Bizim gibi gelişmekte olan ve çoğunluğu Müslüman olan ülkelerde kadın olmak hiç de öyle kolay değil. Önce doğduğumuz evde başlıyor ayrımcılık, çocuk dünyaya geldiğinde hala bazı ailelerin doğan çocuğun kız olmasından hiç de memnun olmadıklarını gözlemliyorum. Sorarlar mesela, hamilesindir aaaa ne kadar güzel, kız mı erkek mi? Bir anne olarak değişmez aslında kız ya da erkek olması önemli olan sağlıkla kucağına almak. Siz kız dersiniz hemen cevap gelir öylemi, olsun. Olsun da ne demek? Aslında bu olsun kelimesinin altında şu yatar, olsun bir dahaki erkek olur.

İşte aslında bu küçük örnekte bile toplumun psikolojik şiddeti başlıyor. Evet ben buna psikolojik şiddet diyorum kadına yönelik en tehlikeli şiddettir bu. Ceza hükmü taşımayan kelimeler ile yapılan şiddet desem de biz kadınlar bunu asla ispatlayamayız. 

Sonra başlar aile içinde kız çocuk, erkek çocuk yüklemeleri. Hele de bir evde her ikisi de varsa erkek çocuğun her istediği ayağına gelirken kız çocuk başlar gücü yettiğince ev içi hizmet sektöründe çalışmaya. Görevleri başlar, anneye yardım edilmeli, sofra kurulacak, yemek yapılırken anneden bir şeyler öğrenilecek ve ev temizliği çamaşır vesaire…

Bu arada erkek sürekli isteklerini sunan ve bu isteklerin sorgusuz sualsiz yerine getirilmesini bekleyen birey olma yolunda ilerler. ERKEK sürekli çok sorumluluğu olduğunu bütün gün çok yorulduğunu evde kendisine konfor sağlanmasını ev halkına dikte edip durur. Bir süre sonra kadın otomatiğe almak zorunda hisseder kendini.

Ve artık kısır döngü başlar.

Hayat boyu kadın olmak ile boğuşur durursun. Mesela erkek arkadaşların olamaz! Okulda dikkatli olmak zorundasın ve ailen sürekli erkekler konusunda yasaklara başlar. Yasaklar başladıkça da meraklar çoğalır tehlikeyi anlamazsın. Çünkü erkek, senin için sadece arkadaşken, toplum içinde kadın için bir tehdittir. Öylede olur. Neden mi? Çünkü erkeklere aşılanan zihniyet, kadınların onlar için yaratılmış olma düşüncesiyle büyütülmüş olmalarıdır.
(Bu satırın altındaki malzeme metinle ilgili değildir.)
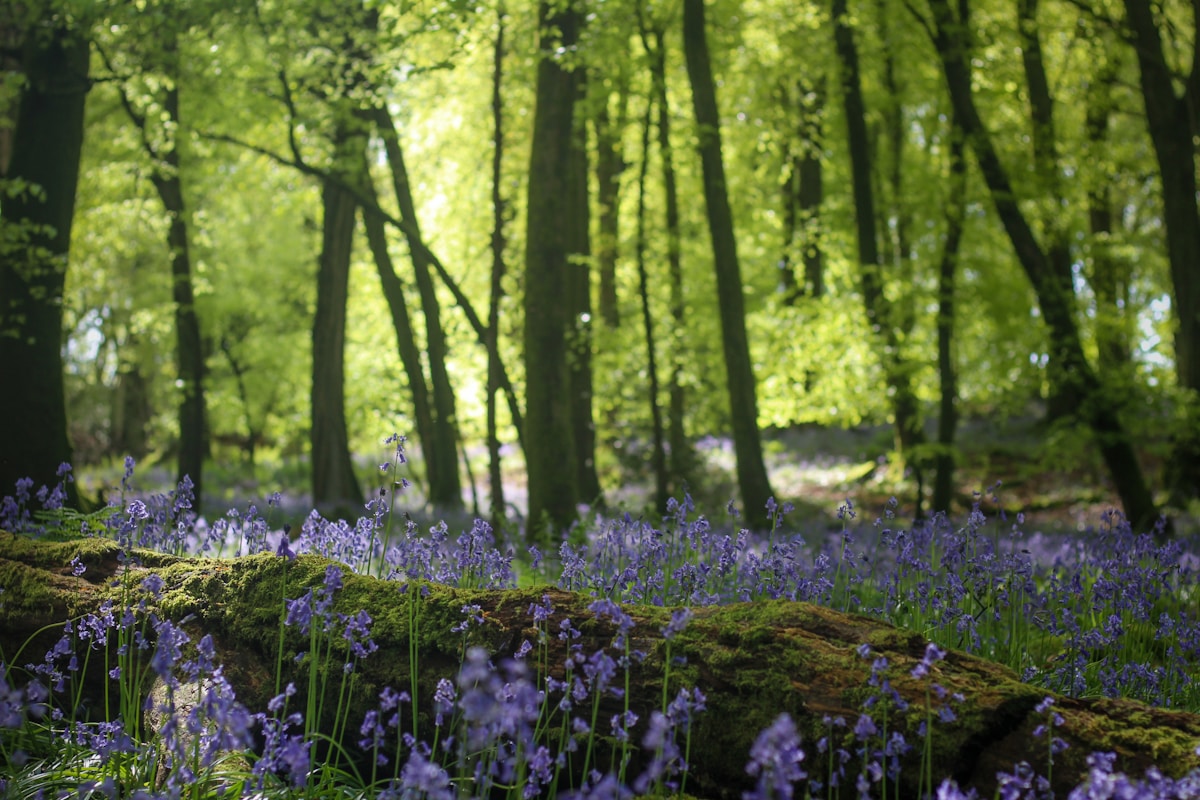 Festival-Goers Help Grow a Forest: Welsh Woodland to Thrive on Recycled Nutrients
Ve erkeğin gözünde kadın bir cinsel objeye dönüşür.

Toplumun içine karıştığında kadın hep kendini korumak zorunda hisseder. Sokakta, işyerinde veya evde hep gardını almak zorunda olan kadındır. Çünkü, dünya erkeklerin iken biz sadece figüranız.

Bir erkek ile sokakta yürüyemezsin peşinden sözüm ona ahlak polisliği görevini üstlenmiş şahsiyetler sana etiketleri hazırlamaya başlarlar. Gece dışarıya çıkamazsın başına bir şey gelir.

Gelirse de zaten suçlu sensin.

“O saatte dışarda ne işin vardır?”

Kahkaha atamazsın, mutlu olmak haddine mi senin?

Etrafa mavi boncuk dağıtmış olursun ve dolayısı ile kötü bir şey yaşarsan suçlu yine de sen sayılırsın.

Mesela aldatılırsın, herkes kadında kusur bulur. Erkeği memnun etmemişsindir.

Şiddet görürsün, kocanın sözünü dinlememiş ya da o sinirliyken sen susmamışsındır.

Öldürülürsün, sosyal medyada vah vah paylaşımları yapılır hakkında ama yine de konuşmalarda acaba kadın ne yaptı da öldürüldü olur. İstediğini giyemezsin çünkü bakarlar.

Ve bunun gibi bir sürü psikolojik şiddet. Ne yazık ki kadına bu psikolojik şiddet yapılırken hep suç teşkil etmeyen cümleler ile yapılır ve sen asla ispatlayıp haklı olamazsın.

Çünkü kadınsın, dizini kırıp baba evinde ya da koca evinde sana biçilen görevleri yerine getirmek zorundasın.

Baş kaldırırsan mı?

Ya gerçekten KADIN olursun ya da KADIN adı altında hiçbir şey.